Not by chance, Caetano was a long-distance admirer of Marighella, to whom he dedicated the song, also dedicated to the political influence exerted by his, his father (seu Zeca), a communist, in the album Zii and Zie (2009)[xii] The author writes: “although I was not sure what an armed revolution could result in, the heroism of the guerrillas as the only radical response to the perpetuation of the dictatorship deserved my astonished respect. Deep down, we felt a distant, romantic identification with them that we had never felt with the traditional left and the Communist Party. We saw ourselves – and a little felt ourselves – to the left of the left”.[xiii]

The division, the clear cleavage, between an earlier telluric Caetano Veloso, in transformation by the national-popular and the graceful Bahian modernity, and another disillusioned with any leftist project in the cascading disillusionments produced by the balances of what was 1964, proposed by Roberto Schwarz , looks like a forced hand. In a tight summary, Caetano Veloso was a first-time heir to the tradition created from the modernity of popular song. Instead of rock, which he later assimilated, he didn't have "a fucking wish to be American".[xiv]

Caetano Veloso has always been proud to be an heir of bossa nova, of its harmonious revolution, of the attempt to aesthetically integrate sophisticated and cosmopolitan information with the local and the national. This path implies thinking of Brazil as a utopia of civilization. Thus, the composer's “populist” and “national-revolutionary” arguments from Brazil did not completely fail to resound in the composer. Barely comparing two round trips of the same generation, a similar phenomenon happened in the history of Lula and the PT.

Born from a heavy criticism of national-developmentalism, in another vein, the practical action of Lula (and the rest of the PT) in the federal government predominated – who knew? – a body of work that was not clear in the early years: the worker and union leader of peripheral Fordism, who founded a workers’ party, became a charismatic Latin American leader (a caudillo?), as well as the old workers’ party it became a popular mass party among the poorest – excuse me for the lack of another expression –, national-popular. Once in government, he went after the theoretical foundations of a national-developmentalist-style political economy – all of this in the form of historical content adapted to reality and nominalisms to the XNUMXst century. [xv]

The matured tropicalism of today – whose most tangible indexes are the interventions of Caetano Veloso in the period of Jair Bolsonaro’s rise to power – opened the possibility of a teleological vision of the historical tropicalism of 1968. Recently, generating surprises from the cosmopolitan and decadent circuit “ neoliberal left” of Leblon and Faria Lima, Caetano assumed a controversial repositioning, more to the left.

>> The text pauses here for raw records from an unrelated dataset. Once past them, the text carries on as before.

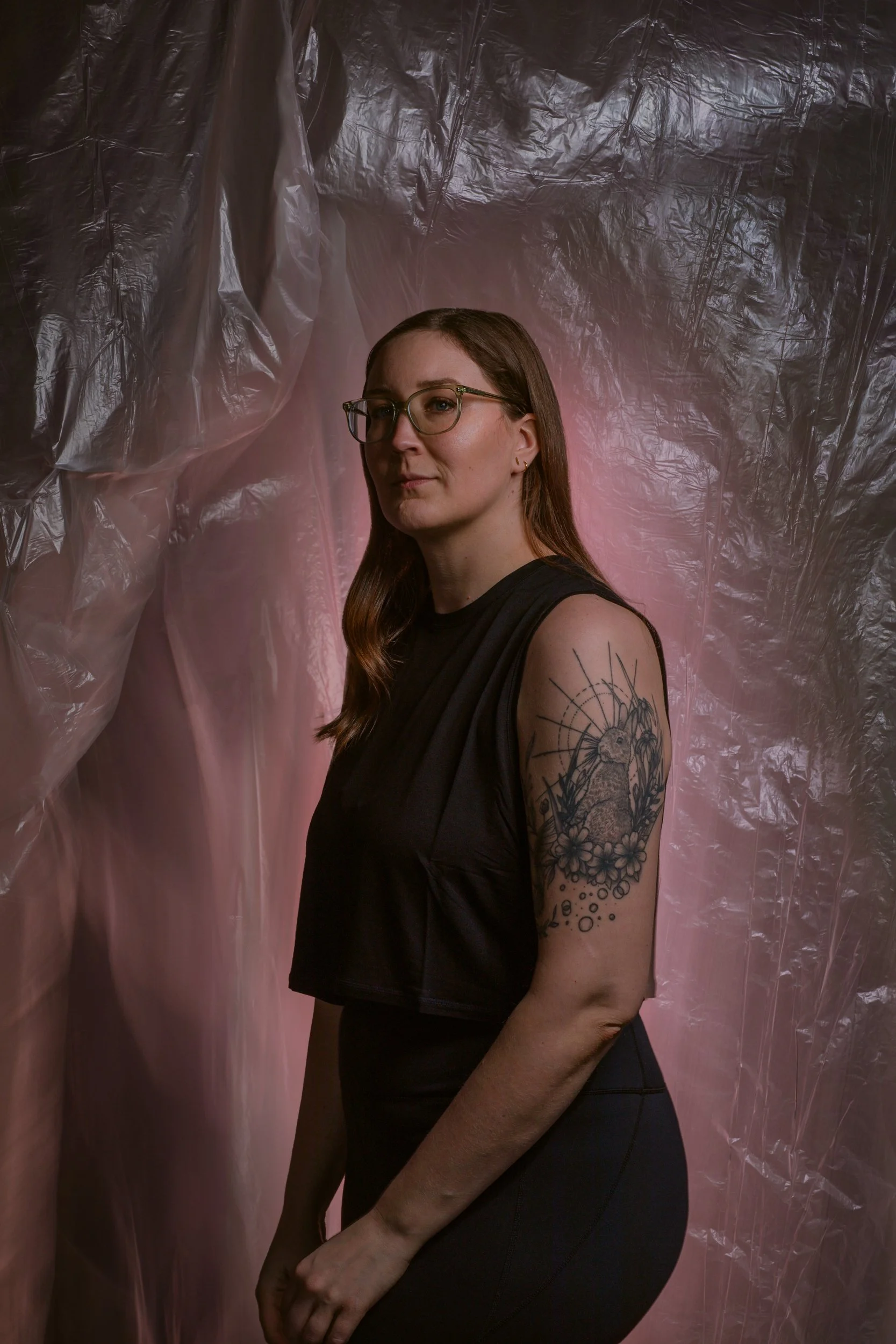 A woman with red hair, glasses, and a tattoo on her upper arm stands against a background of pink and gray plastic sheets.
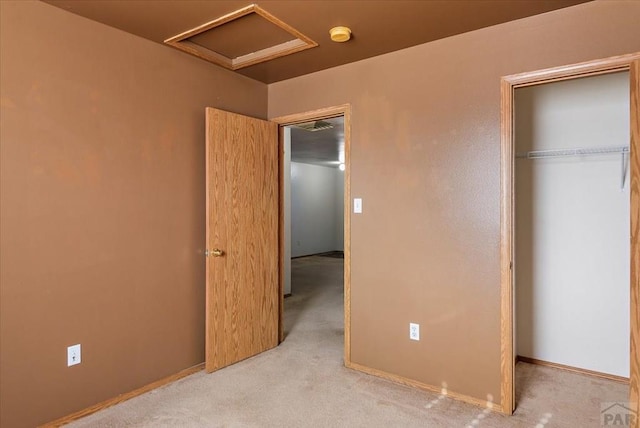 unfurnished bedroom featuring light carpet, attic access, baseboards, and a closet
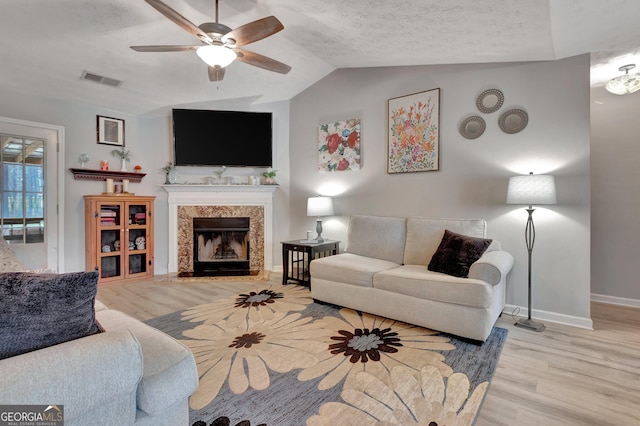 living room featuring light wood-style floors, lofted ceiling, a fireplace, and baseboards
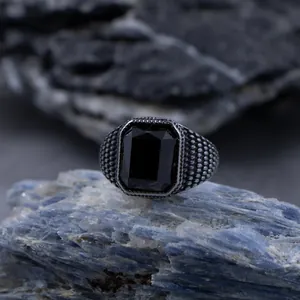 Bague vintage pour hommes en acier inoxydable avec pierre noire rectangulaire et anneau texturé.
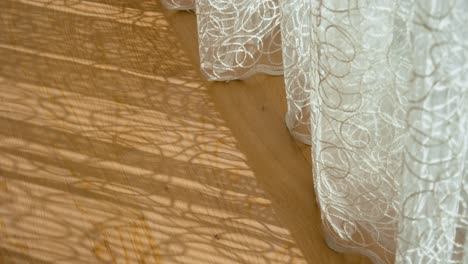 curtains create a beautiful pattern on the wooden floor due to the sun. filmed at home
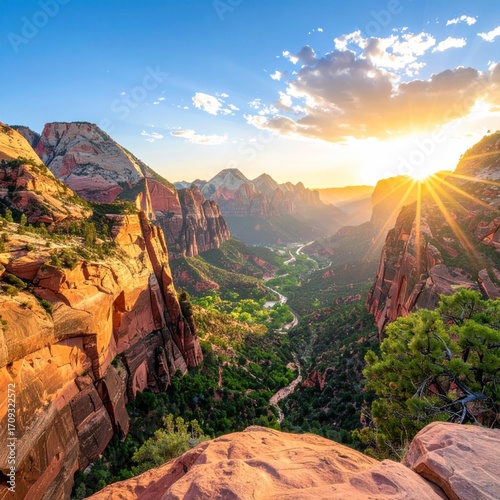 Majestic canyon vista showcases sunburst through clouds over rocky landscape with layers of mountains, greenery, and colorful sandstone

In an interview with Pedro Bial at Globo, he made a point of clarifying that he had changed his opinion about the liberal conceptual vulgate of totalitarianism.

Thus said Caetano Veloso: “When I hear people like you saying 'Communism and Nazism are equally horrible, they are authoritarian', this equalization of socialist attempts with Nazism I no longer swallow as I used to. 'The extreme left equals the extreme right'. I don't think anymore, I can't”, he told the interviewer. This was not a declaration of adherence to socialism, Marxism or even (as some saw it) Stalinism. Caetano's focus, which Brazilian liberals dismissed, was the blind spots of liberal theory.[xvi]

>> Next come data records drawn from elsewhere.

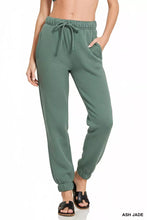 Ash jade fleece drawstring joggers from zenana made of soft stretchy fabric with waistband and elastic cuffs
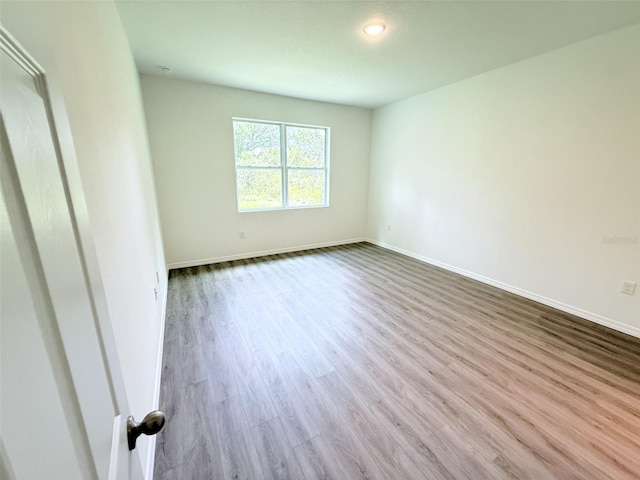 1294 Napoleon Rd, North Port, FL 34288 - spare room featuring wood finished floors, baseboards, and recessed lighting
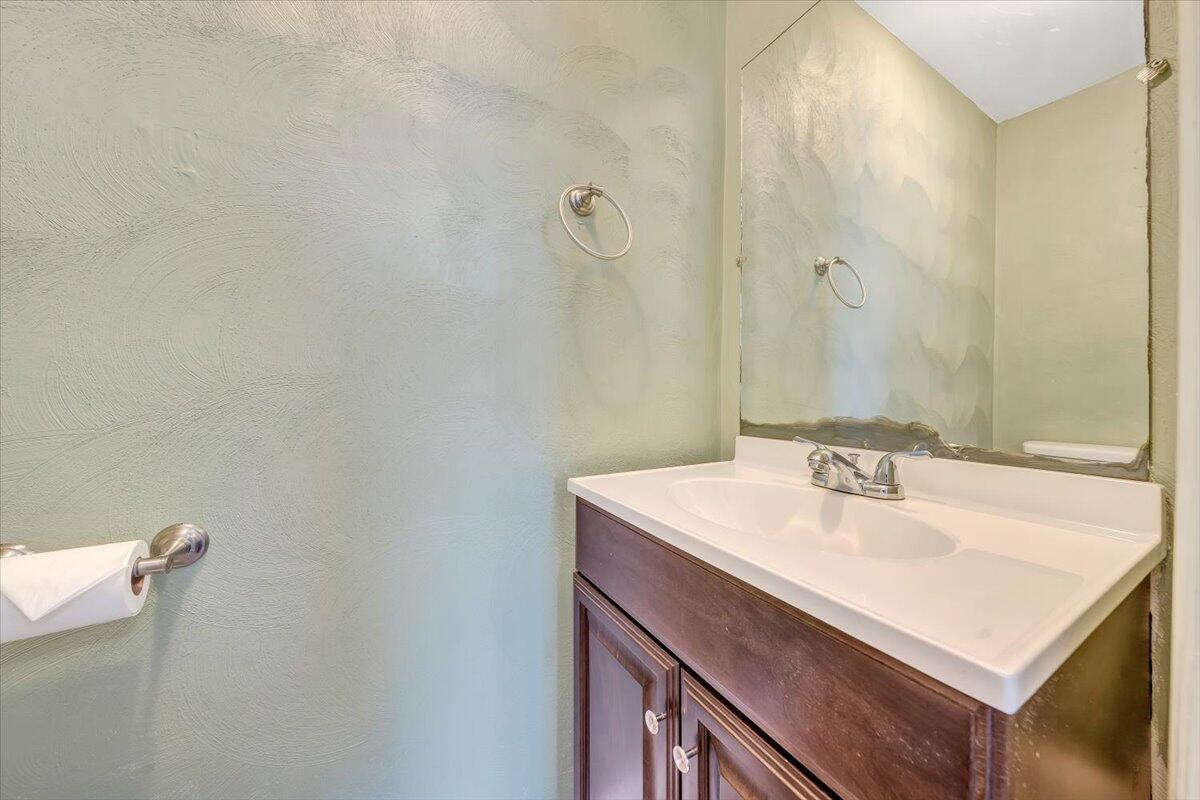1173 Sawmill Road Ferrum, VA 24088 - Photo 12 of 39 a bathroom with a sink vanity and a mirror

Recent reading by the Italian philosopher Domenico Losurdo certainly helped. But socialism, anti-imperialism and non-aligned third worldism – excuse the vocabulary of words from the 1960s –, and even the critique of liberalism and the category of totalitarianism outlined by non-Western Marxism, were already insinuating themselves in historical tropicalism , due to the Brazilian national “place of speech” in which Caetano Veloso has always been located in the art of updating it.

This repositioning of anti-liberal criticism has been latent since forever. In Vereda (the conclusions part of Tropical Truth), after a brief analysis of critical words about the “closed West” view of The Clash of Civilizations, by Samuel P. Huntington – one of the propaganda pieces of the “new American XNUMXst century –,[xvii] the composer writes that Brazil lives “an eternal lack of definition between being the natural ally of the United States” and “being the outline of a new civilization… its characteristics as a gigantic and linguistically solitary country contribute to both trends. The unique character of his popular music – both in its beauty and in its precariousness – comes from this. Tropicalismo can try to extract original energy from this tension. Books like Huntington's (or Fukuyama's Trust, which apparently opposes him) make me feel – and think tropicalism – positioned more clearly to the left than I could have in 67.”[xviii] Before writing the words contained in Sidewalk – in my view, going against the grain of the discreet acquiescence he lent to the FHC government –, Caetano placed his art against the wall of the “new international order” after the sensational geopolitical implosion of the Soviet Union.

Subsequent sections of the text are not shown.